Texas DPS says Uvalde school shooter was not one of students arrested for 2018 threat

The Texas Department of Public Safety shut down claims that the 18-year-old gunman who killed 19 students and two teachers Tuesday at a Southwest Texas elementary school was previously arrested for threats against a Uvalde school.

Early Friday morning, U.S. Rep. Tony Gonzales, said he had asked authorities to look into a claim that school shooter Salvador Ramos was arrested in 2018 for threatening to shoot up a school, according to the Daily Beast.
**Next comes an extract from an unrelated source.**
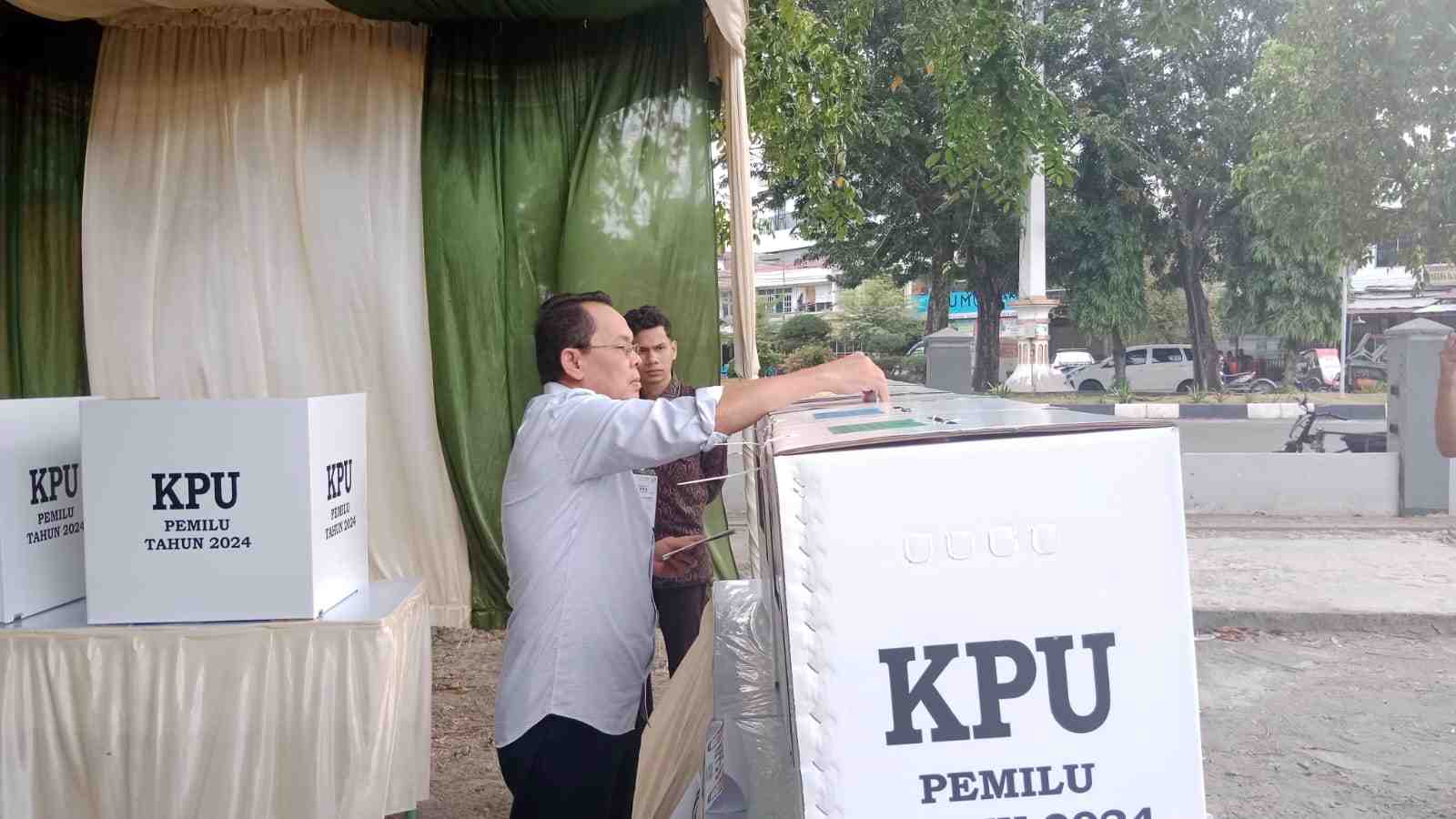 Pj Wali Kota Banda Aceh Salurkan Hak Suara di TPS Kampung Baru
“This wasn’t hearsay. I got this late last night: ‘The shooter was arrested years ago, four years ago, for having this plan for basically saying, for saying, you know, when I’m a senior in 2022, I am going to shoot up a school,’” the Daily Beast reported that Gonzales told Fox News. “Something fell between the cracks between then and now to allow this to happen. We need to shake out all the facts.”
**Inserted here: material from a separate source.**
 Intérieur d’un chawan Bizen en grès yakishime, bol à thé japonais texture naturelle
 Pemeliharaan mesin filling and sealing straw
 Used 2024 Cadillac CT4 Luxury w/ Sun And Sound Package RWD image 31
In a news conference later Friday, DPS Director Steven C. McCraw shut down the allegations, saying that although the 2018 incident did occur, the threats were made by different students.
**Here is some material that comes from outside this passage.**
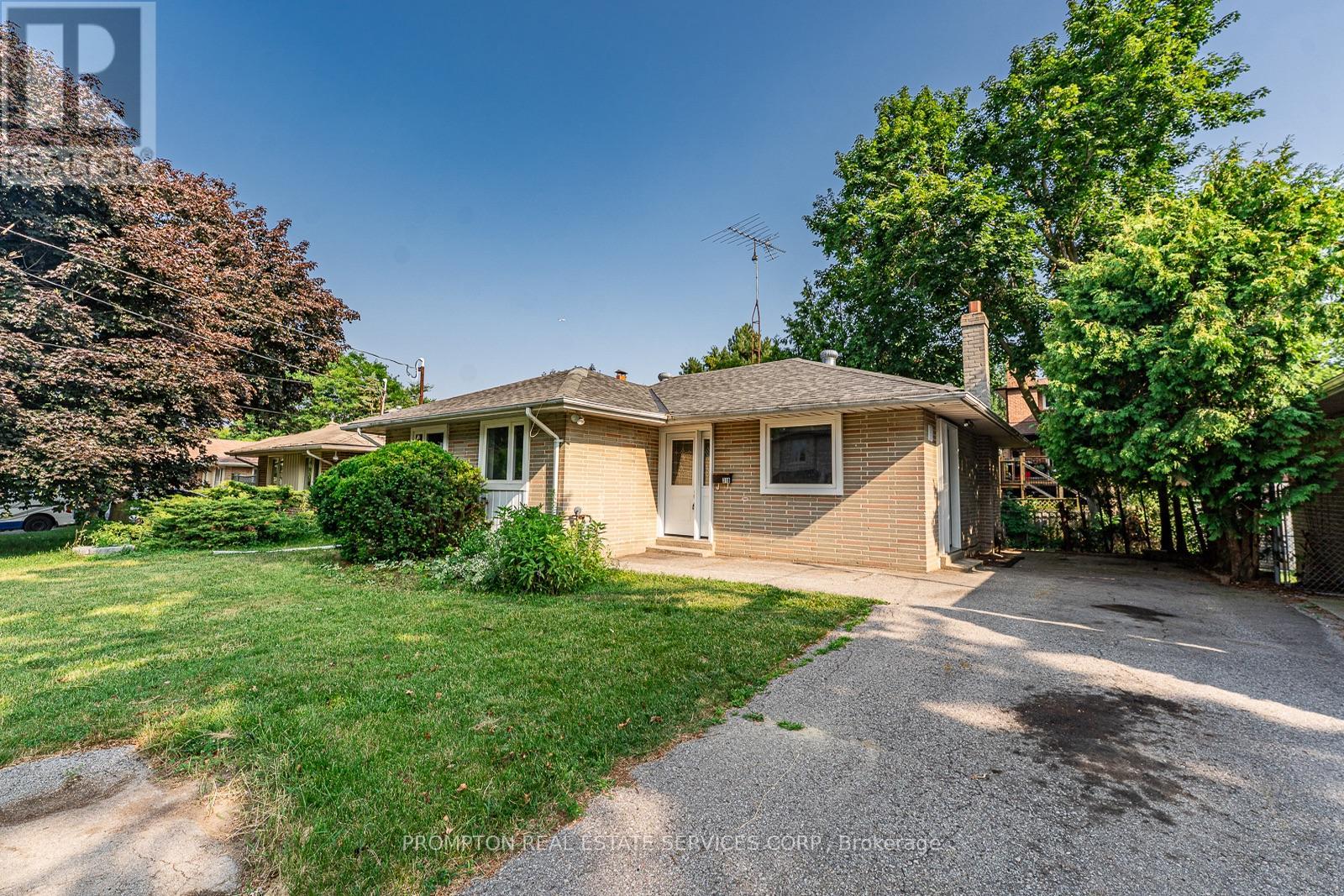 Property at 318 PALISER CRESCENT S image 2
“He was not one of the individuals, in fact, we have found no links or associated relationships in that investigation,” McCraw said, adding that two juveniles, who were 13 and 14 years old at the time of the incident, were charged with conspiracy to commit capital murder.

“There’s no question that we thought — we had evidence, and certainly the district attorney agreed — that these juveniles … were a threat to Uvalde and there was a discussion at that time that the senior year – of the one that was 14-years-old – would make it 2022. However, it was not [Ramos].”